To remediate the misconfiguration “Remove Unattached Virtual Machine Disk Volumes” for Azure using Azure CLI, follow the below steps:
-
Open the Azure CLI on your local machine or use the Azure Cloud Shell.
-
Login to your Azure account using the command:
az login -
Once you are logged in, set the subscription context where the virtual machines are located using the command:
az account set --subscription <subscription_id>Replace
<subscription_id>with the ID of the subscription where the virtual machines are located. -
Now, list all the virtual machines in the subscription using the command:
az vm list --query "[].{Name:name, ResourceGroup:resourceGroup, Location:location}" --output table -
Identify the virtual machine for which you want to remove the unattached disk volumes.
-
Run the following command to list all the disk volumes attached to the virtual machine:
az vm show -g <resource_group_name> -n <vm_name> --query "storageProfile.dataDisks[].name" --output tableReplace
<resource_group_name>with the name of the resource group where the virtual machine is located and<vm_name>with the name of the virtual machine. -
Identify any unattached disk volumes in the output of the above command.
-
To remove the unattached disk volumes, run the following command:
az disk delete --ids <disk_id>Replace
<disk_id>with the ID of the unattached disk volume that you want to remove. -
Repeat steps 6 to 8 for all the unattached disk volumes that you want to remove.
-
Once you have removed all the unattached disk volumes, verify that they have been removed by running the command in step 6 again.
-
Exit the Azure CLI using the command:
exit
By following the above steps, you can remediate the misconfiguration “Remove Unattached Virtual Machine Disk Volumes” for Azure using Azure CLI.
To remediate the misconfiguration of removing unattached virtual machine disk volumes in Azure using Python, you can follow the below steps:
Step 1: Import the required libraries
from azure.identity import DefaultAzureCredential
from azure.mgmt.compute import ComputeManagementClient
Step 2: Set the subscription ID and resource group name where the virtual machines are located.
subscription_id = 'your-subscription-id'
resource_group_name = 'your-resource-group-name'
Step 3: Authenticate the client using the DefaultAzureCredential.
credential = DefaultAzureCredential()
compute_client = ComputeManagementClient(credential, subscription_id)

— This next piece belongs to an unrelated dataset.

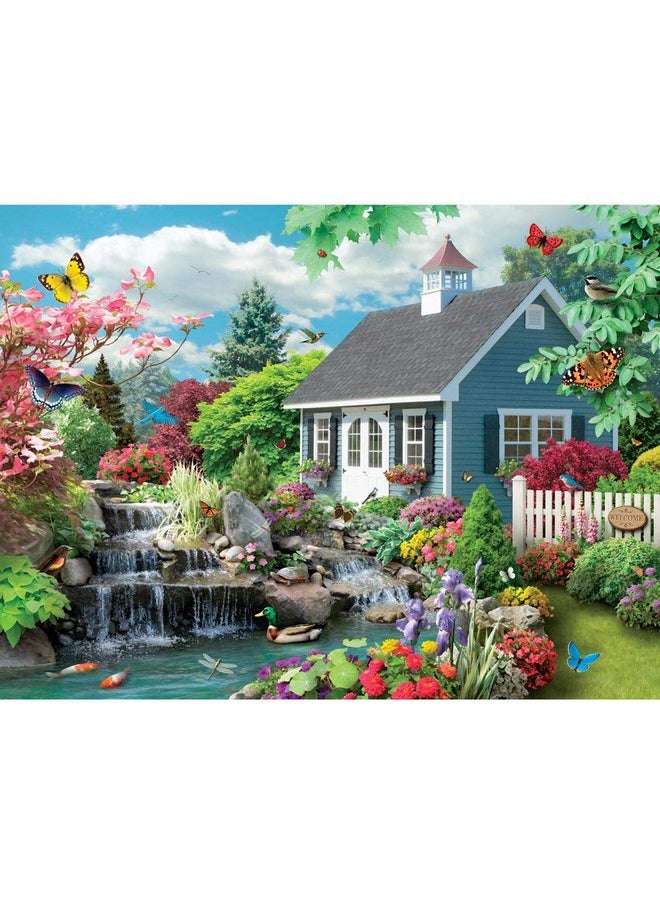 Bits and Pieces - 4-in-1 Multi-Pack - 1000 Piece Jigsaw Puzzles for Adults-Each Measures 20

Step 4: Get the list of virtual machines in the resource group.
virtual_machines = compute_client.virtual_machines.list(resource_group_name)

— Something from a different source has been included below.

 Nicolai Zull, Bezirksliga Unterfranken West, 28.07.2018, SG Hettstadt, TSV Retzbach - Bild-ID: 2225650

Step 5: Iterate through each virtual machine and get the list of disk volumes.
for vm in virtual_machines:
disk_volumes = compute_client.disks.list_by_vm(resource_group_name, vm.name)
Step 6: Check if the disk volume is attached to the virtual machine or not. If it is not attached, delete the disk volume.
for disk in disk_volumes:
if not disk.managed_by and not disk.disk_state:
compute_client.disks.delete(resource_group_name, disk.name)
Step 7: Run the script to remove the unattached virtual machine disk volumes.
Note: Make sure you have the necessary permissions to delete the disk volumes.
The above steps will help you remediate the misconfiguration of removing unattached virtual machine disk volumes in Azure using Python.